== PROBLEM REQUIREMENTS ==
In the listing below, locate the line that contains "DRAWER LOCK 808 HL502P" and the line that contains "Wall Design )". Restate word for word those two lines and every line between them, and nothing else.
EXTRACTED MATERIAL START
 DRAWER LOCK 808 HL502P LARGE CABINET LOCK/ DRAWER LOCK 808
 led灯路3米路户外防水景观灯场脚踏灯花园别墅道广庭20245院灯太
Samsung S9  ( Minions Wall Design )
EXTRACTED MATERIAL END
EXTRACTED MATERIAL START
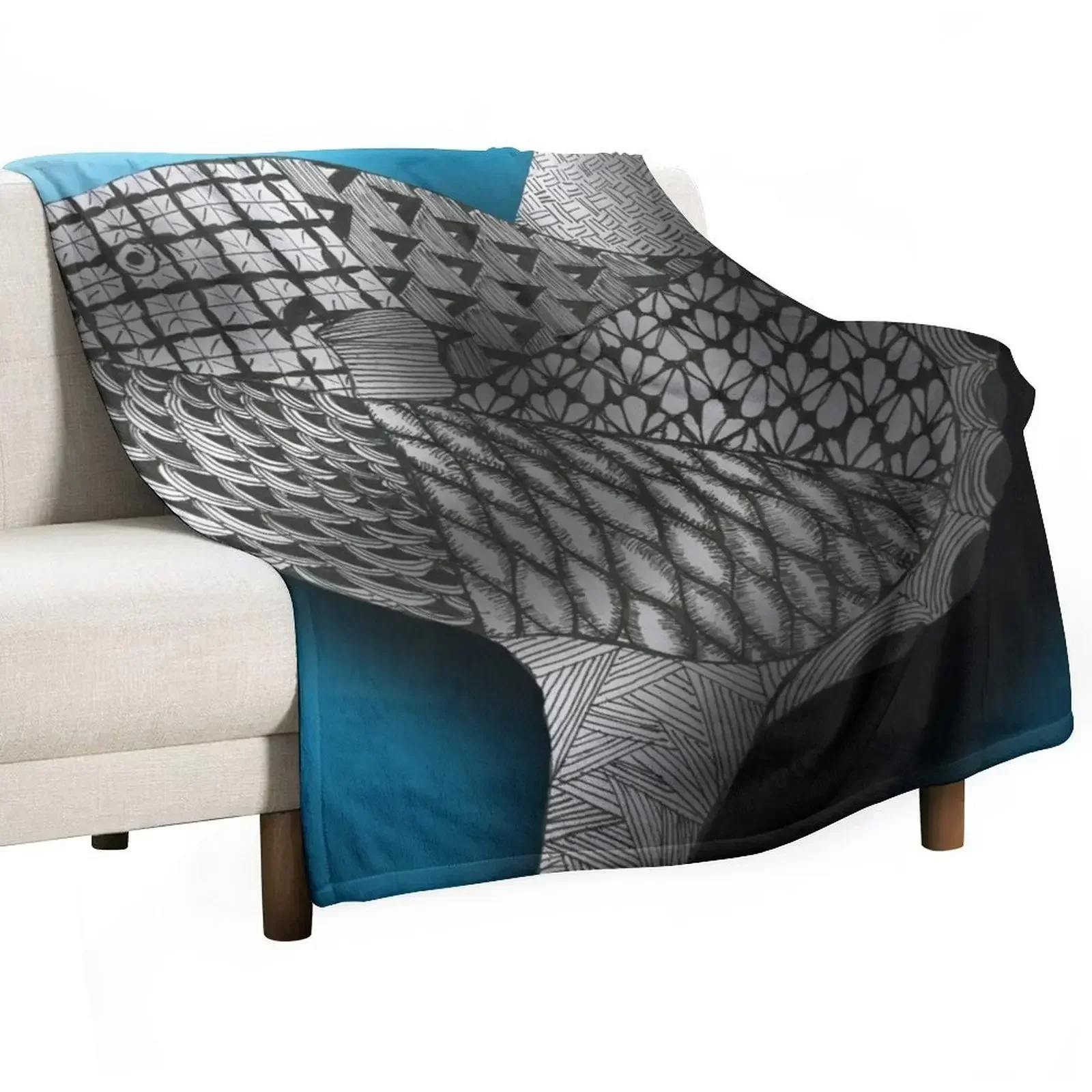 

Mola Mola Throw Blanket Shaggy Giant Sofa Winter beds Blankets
EXTRACTED MATERIAL END
== WRITTEN REPLY ==
 DRAWER LOCK 808 HL502P LARGE CABINET LOCK/ DRAWER LOCK 808
 led灯路3米路户外防水景观灯场脚踏灯花园别墅道广庭20245院灯太
Samsung S9  ( Minions Wall Design )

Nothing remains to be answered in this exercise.